In memoriam 1961-2018
Medical devices at US hospitals have been hit by the now-infamous WannaCry ransomware.

An unnamed source has released an image of an infected Bayer Medrad device, which is a radiology device used for imaging improvement for MRIs.

A Bayer spokesperson confirmed to Forbes that its products at two hospitals were indeed hit by the malware: "Operations at both sites were restored within 24 hours. If a hospital's network is compromised, this may affect Bayer's Windows-based devices connected to that network."

The spokesperson added that the company is preparing a patch for the Windows-based devices.

Some note that the patching process could be onerous. “Medical devices often use operating systems from the Microsoft’s Windows Embedded product line,” explained Craig Young, computer security researcher for the Tripwire Vulnerability and Exposures Research Team, via email. “ fixes on embedded devices commonly require a complete firmware update from the vendor, which is then manually installed on the device. This can greatly increase patch delays due to the time it takes for vendors to prepare and test a new firmware to ensure that it will not interfere with the intended operation of the medical device.”

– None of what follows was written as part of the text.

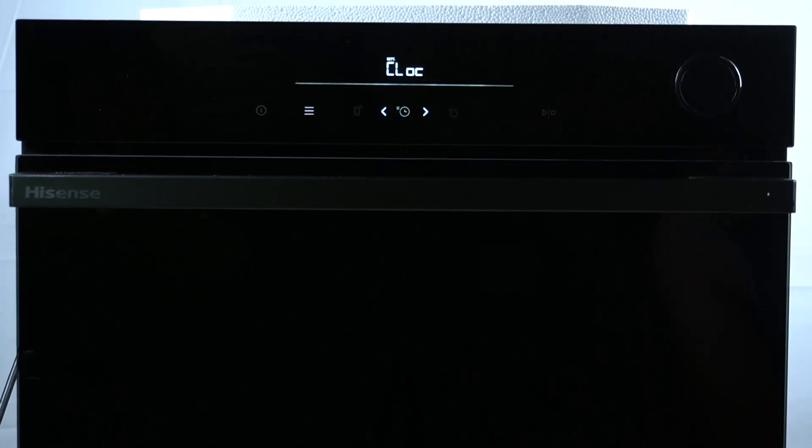Hello guys! Today I'm gonna show you how you can turn on the self-cleaning program in the Oven Hisense BSA.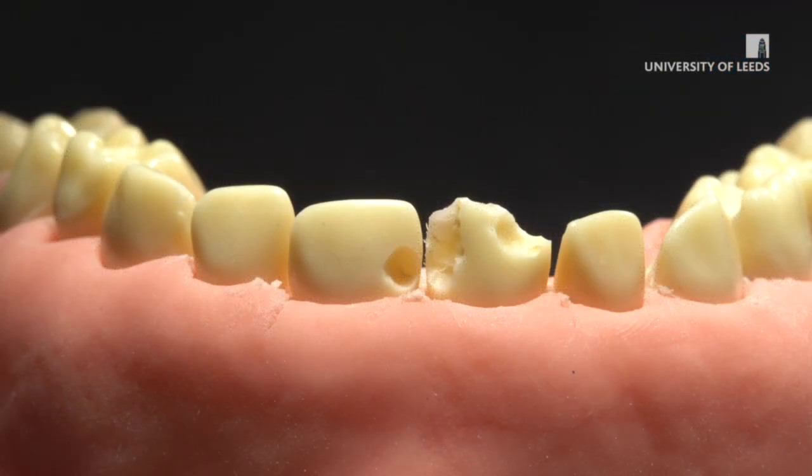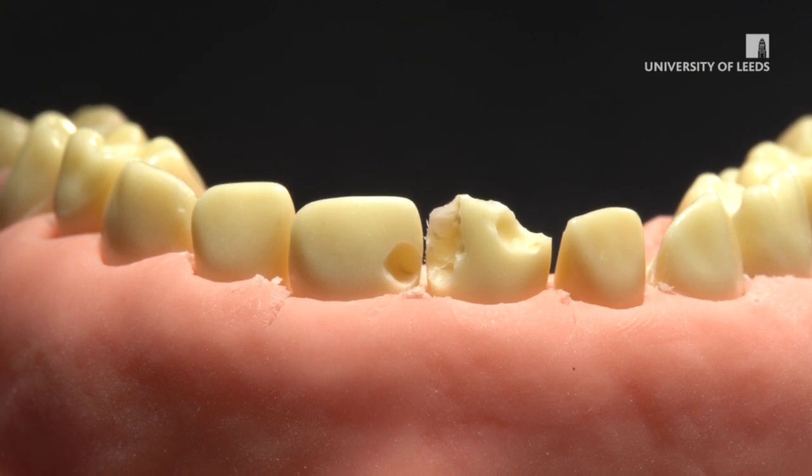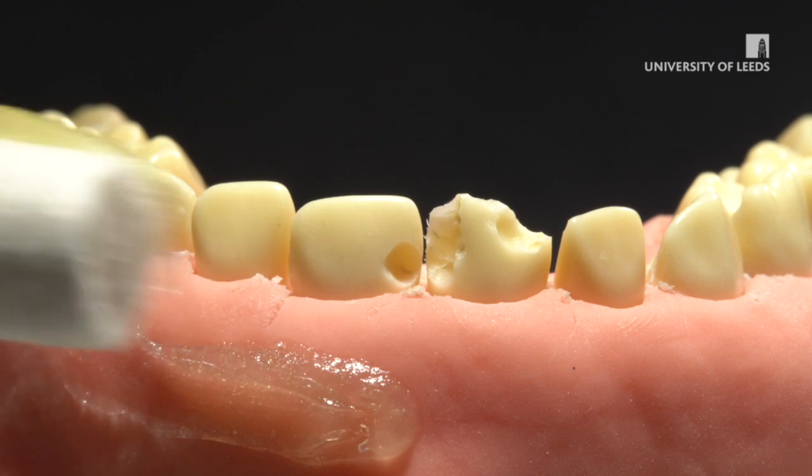I'll now show you how to use silver diamine fluoride on a model. You don't need to remove any dental caries before its application. However, if there is obvious food debris, it's better to remove it either with prophylactic paste or with an excavator. Wash the teeth and make sure they are clean and dry.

Read More. #WannaCry hits Medical Devices in US


Level 17
Content Creator
No excuse, the Windows patch (MS17-010), is available from March.
Probably public institutions and hospitals live on another planet!
As stated though the windows embedded devices will be a pain to update. Believe me the company i work for has around 200 windows embedded scan guns. MC9090's, WT41N0's, WT4090's. Mixed operating systems and the only time the os gets updated is when its shipped out for repair. Cannot do it in house. We just do our best at making sure the devices are locked down so anyone that is using it cannot access the web. These devices are also on a separate private network within.

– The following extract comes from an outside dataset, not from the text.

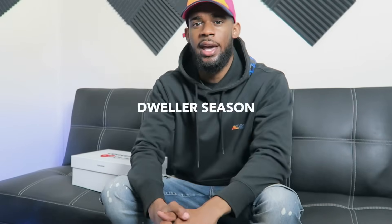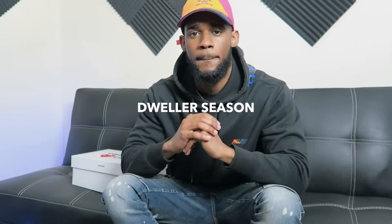What's good YouTube, it's Cory Dweller, aka Dweller Season, aka Low-Key Fashion, and I am back with another video. To all my new subscribers, welcome to my channel. My old name used to be Low Key Fashion, so if y'all wondering what I'm talking about, that was my old YouTube name — I had to say that for my OG subs.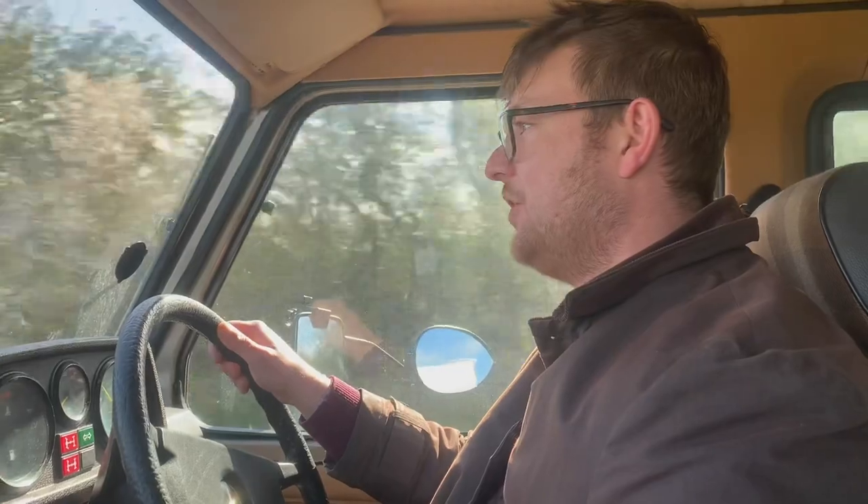Hello YouTube! The Drive Guy here and today I'm going to give you a quick guide, some quick information on the 300GD W460 G-Wagon and what it's like to tow.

PC's wont be a problem to update but those embedded devices will be. Like you said there is no excuse for any PC not to be updated though.


Level 85
In Saudi Arabia, the computer systems on a hospital are outdated too (Windows 2000) but strictly activated the limited user account so any programs that will execute is halted.

However that is not the point, no patches or even reliable security software as I investigated way back before.


I assume that all hospital should also contain backup software so less inconvenience for establishing the OS however isn't.

The I.T department must know the basic points of security implementations.